Anishinaabe storyteller bares his soul at Thunder Bay book launch
By Rick Garrick
THUNDER BAY — Injichaag: My Soul in Story, Anishinaabe Poetics in Art and Words author, Rene Meshake, appreciated a challenge from the audience to produce an opera during a Nov. 8 book launch at Lakehead University. Meshake and Injichaag: My Soul in Story, Anishinaabe Poetics in Art and Words contributor Kim Anderson performed music and read from the book during the book launch at The Study Coffeehouse.
“That challenge really got me — in two years, I’ve got to produce an opera or a musical in Anishinaabemowin,” says Meshake, an Anishinaabe artist, storyteller, author and flute player whose parents were from Long Lake #58 and Aroland, both located northeast of Thunder Bay. “So I’ve got to deliver that — it gave me that kind of challenge when they all said go for it.”
The book shares Meshake’s life story using stories, poetry and Anishinaabemowin word bundles. It is organized thematically around a series of his paintings and provides a glimpse of traditional Anishinabek life ways and worldview.
“The main thing I wanted to do was give a witness or a testimony of what God can do [for] a homeless guy like I was, homeless and broken from the Indian residential school,” Meshake says. “I ended up homeless in Toronto but after some sobriety this book came together — I’m about 27 years sober now — to let the young people know, of all ages, of all cultures, that there is hope.”
Meshake enjoyed performing on the flute while Anderson read from the book during the book launch.
“We never know what kind of stories to tell but we just roll with it,” Meshake says. “It kind of grows organic and it becomes spiritual. We never tried that before. So that is development — creativity is what is the most important to me. It keeps the story alive.”
Anderson, a Cree/Métis author, editor, educator, Canada Research Chair in Indigenous Relationships and associate professor at the University of Guelph, says she has worked with Meshake on a variety of projects about oral history over the years.
“So I’ve been interviewing him for years and years and [I’m] just really captured by his stories and his storytelling,” Anderson says. “I just wanted to work more with him around pulling his stories and all the types of work that he does together in a book.”
Anderson says that she loves the work in the book, which was published by the University of Manitoba Press on Oct. 11.
“Even though I’ve worked on it and worked on it, every time I open it up or read different pieces from it, I gain so much,” Anderson says. “And I think it’s because the stories have a real depth to them that each time you go back you can discover something else, so that’s really been a blessing to me.”

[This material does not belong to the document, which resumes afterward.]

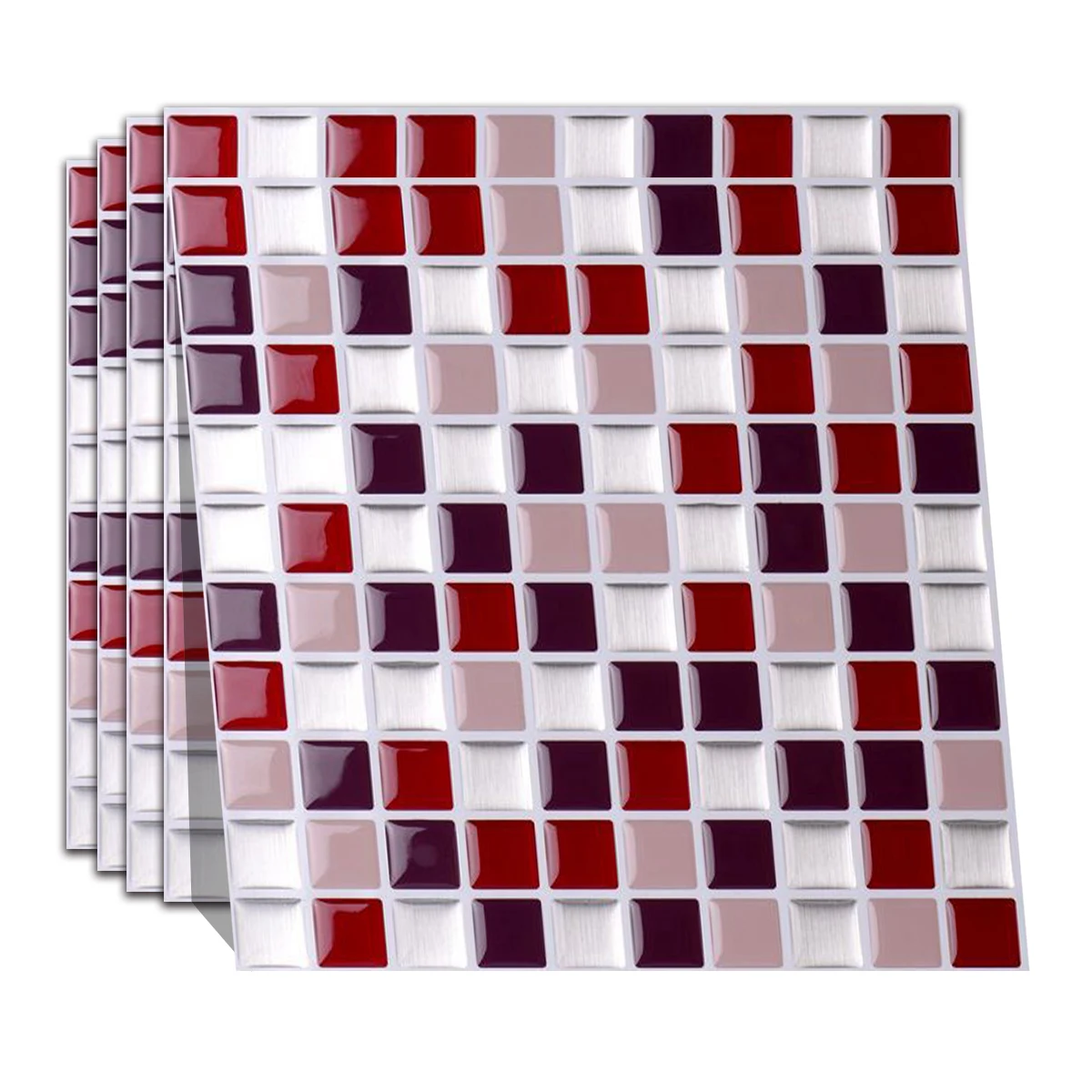Vividtiles Colorful Red Mosaic 3d Wall Tiles Sticker Peel and Stick Vinyl Wallpaper Room Wall Backsplsh Deocr - 10 Sheet
Vividtiles Colorful Red Mosaic 3d Wall Tiles Sticker Peel and Stick Vinyl Wallpaper Room Wall Backsplsh Deocr - 10 Sheet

Lana Ray, a Red Rock Indian Band citizen and Lakehead University assistant professor who organized the book launch, says it was important to hold the book launch in Thunder Bay because it is in Meshake’s home territory.

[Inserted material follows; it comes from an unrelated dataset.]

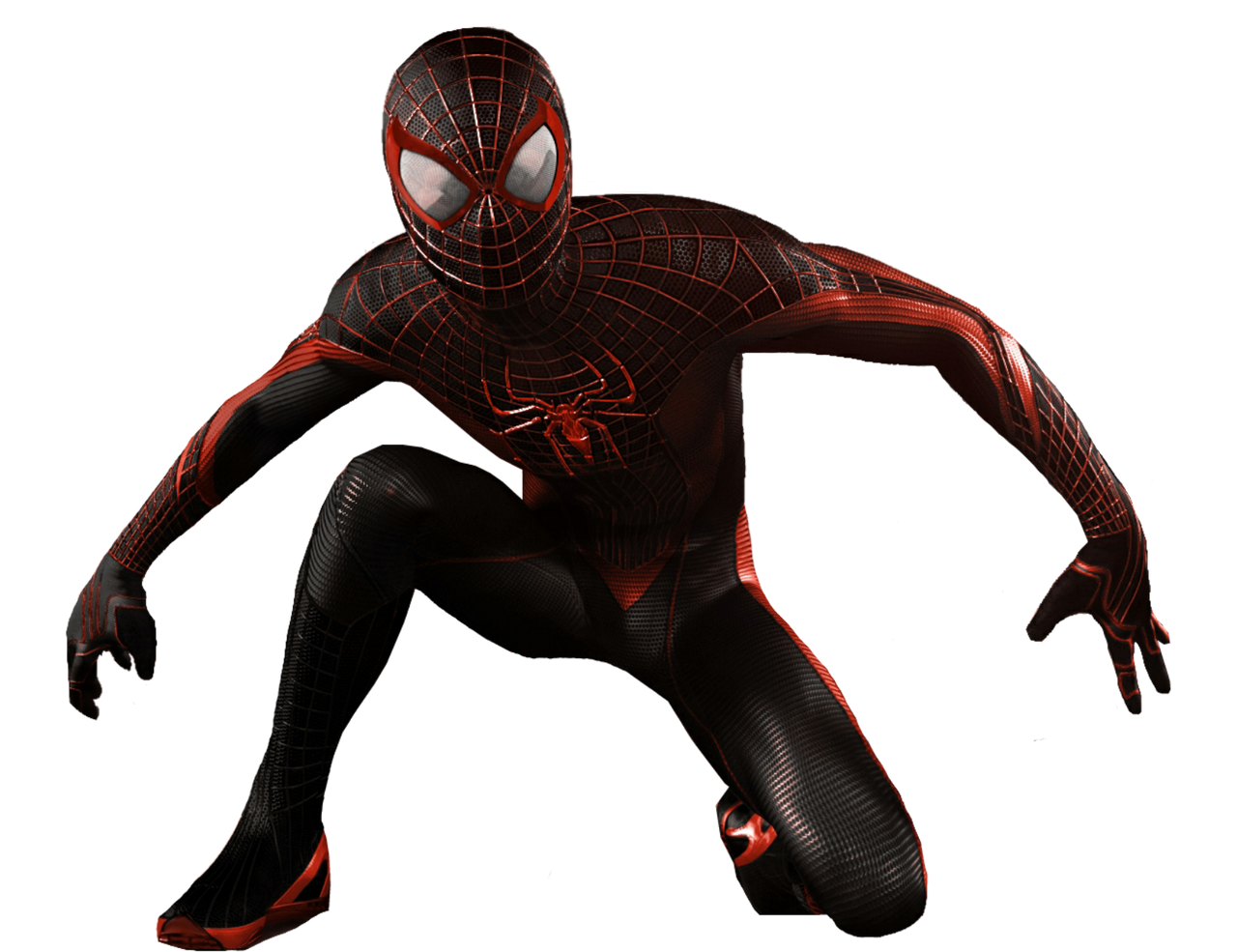 Spider Man Miles Morales Render By Spideydonbrosrevice On Deviantart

“A lot of what he is offering in terms of his book is related to personal experiences [and] stories about place,” Ray says. “So they are really specific and important to the people who are from this area too.”
Ray says the audience “really enjoyed” the performances and readings by Meshake and Anderson.
“I can only talk from my experience — I felt it so it spoke to me, not just intellectually, it touched my heart,” Ray says. “I learned a lot from it.”